In fact, other recording artists’ works have been released or re-mastered at the wrong tempo — including, Wilde says, the Rolling Stones and the Doors, and the artists only realized this later.

But Elijah Wald, author of Escaping the Delta: Robert Johnson and the Invention of the Blues, comments on the Soundcheck report, saying that when he wrote his book, he was familiar with this theory, and there’s no truth to it.

“First of all, anyone who understands the technology of the period knows that it is simply impossible that all of his recordings, made at two separate sessions, released and unreleased, would have been sped up a consistent amount, unless that was standard policy for the record company, which it was not.

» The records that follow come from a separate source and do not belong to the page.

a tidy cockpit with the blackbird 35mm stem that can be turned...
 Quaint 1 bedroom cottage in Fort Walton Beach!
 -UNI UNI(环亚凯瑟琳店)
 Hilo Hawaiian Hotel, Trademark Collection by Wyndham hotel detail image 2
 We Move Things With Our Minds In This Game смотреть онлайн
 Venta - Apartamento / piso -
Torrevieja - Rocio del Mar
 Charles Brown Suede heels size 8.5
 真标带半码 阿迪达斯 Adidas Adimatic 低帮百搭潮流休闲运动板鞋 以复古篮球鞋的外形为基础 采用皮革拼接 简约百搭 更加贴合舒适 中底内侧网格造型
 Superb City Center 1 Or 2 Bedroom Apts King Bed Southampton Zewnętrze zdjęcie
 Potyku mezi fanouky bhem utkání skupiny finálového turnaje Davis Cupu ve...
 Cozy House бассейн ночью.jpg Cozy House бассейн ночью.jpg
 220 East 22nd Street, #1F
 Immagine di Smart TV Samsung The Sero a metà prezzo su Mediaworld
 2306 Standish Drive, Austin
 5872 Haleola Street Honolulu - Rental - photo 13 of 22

Second, for seventy years there have been people alive who heard Johnson live, and none of them ever mentioned his recordings sounding too high or fast. This story begins and ends with the fact that some modern listeners think that Johnson sounds better if you slow him down. That’s fine, but it’s entirely about their taste, not about Robert Johnson.”

The Soundcheck interview with Wilde thoughtfully includes two different speed-versions of “Crossroads,” which Johnson recorded in San Antonio in 1936. The slower version does make Johnson sound throatier, even, well, bluesier. But then Soundcheck host John Schaefer demonstrates what even an 18 percent difference in speed can mean to his own voice and argues, it’d have been hard to overlook the Chipmunk-like change.